En réaction aux «importantes réserves» des communautés anglophones du Québec, les sénateurs suggèrent qu'une «attention particulière» soit accordée aux développements qui touchent ces groupes «sans attendre l'examen de la loi prévu dans 10 ans».
Le comité permanent des langues officielles de la Chambre des communes a pour sa part entendu 130 témoins et tenu 25 réunions. Le parcours du projet de loi y a été semé de tant d'embûches que le premier ministre Justin Trudeau avait été forcé de clarifier dans les derniers mois que ses ministres devront tous voter en faveur de C-13 après que l'un d'eux, le Montréalais Marc Miller, eut dit qu'il se réserve le droit de s'y opposer.
Au sein du caucus libéral, d'autres libéraux représentant des communautés anglophones de la région de Montréal ont mené une charge pour que soit retirée de C-13 toute référence à la Charte de la langue française du Québec.
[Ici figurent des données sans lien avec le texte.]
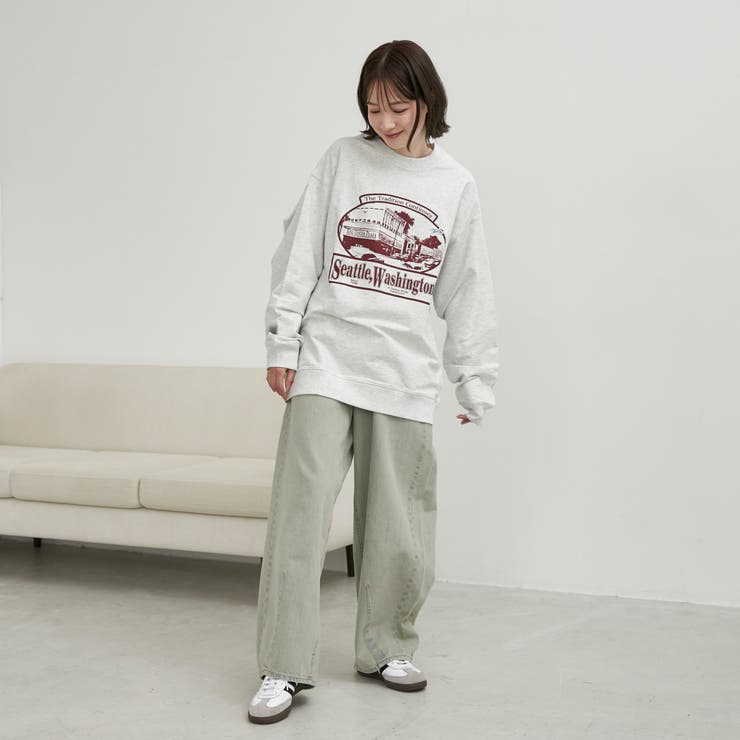 Penneys（ぺニーズ）別注クリアコットンロゴプリントスウェット | coen【men】 | 詳細画像6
Parmi eux, Marc Garneau (Notre-Dame-de-Grâce–Westmount), Emmanuella Lambropoulos (Saint-Laurent) et Anthony Housefather (Mont-Royal).
Leur collègue franco-ontarien Francis Drouin leur a alors reproché publiquement de faire un «show de boucane honteux» et le Bloc québécois les a dépeints comme les acteurs du «West Island Story», voulant défendre leurs propres intérêts, quitte à sacrifier ceux des minorités francophones.
Les trois partis d’opposition, qui détiennent la majorité au comité, avaient indiqué qu’ils appuieraient un amendement qui assujettirait les entreprises privées de compétence fédérale en sol québécois à la Charte de la langue française du Québec plutôt que de donner le choix entre cette dernière et la Loi sur les langues officielles, forçant ainsi la main au gouvernement Trudeau.
Les libéraux, acculés au pied du mur, ont alors trouvé un compromis avec le gouvernement du Québec et amendé C-13 à la dernière minute de sorte à copier dans la loi fédérale de grands pans de la Charte de la langue française. Les partis d'opposition se sont alors ralliés et ont renoncé à leur amendement.
La fronde libérale ne s'est finalement pas concrétisée au moment ultime. Le député Housefather a été le seul député de toute la Chambre des communes à voter contre le projet de loi à l'étape de la troisième lecture. M. Garneau a pour sa part quitté la vie politique en niant que sa position sur C-13 ait joué un rôle dans sa décision.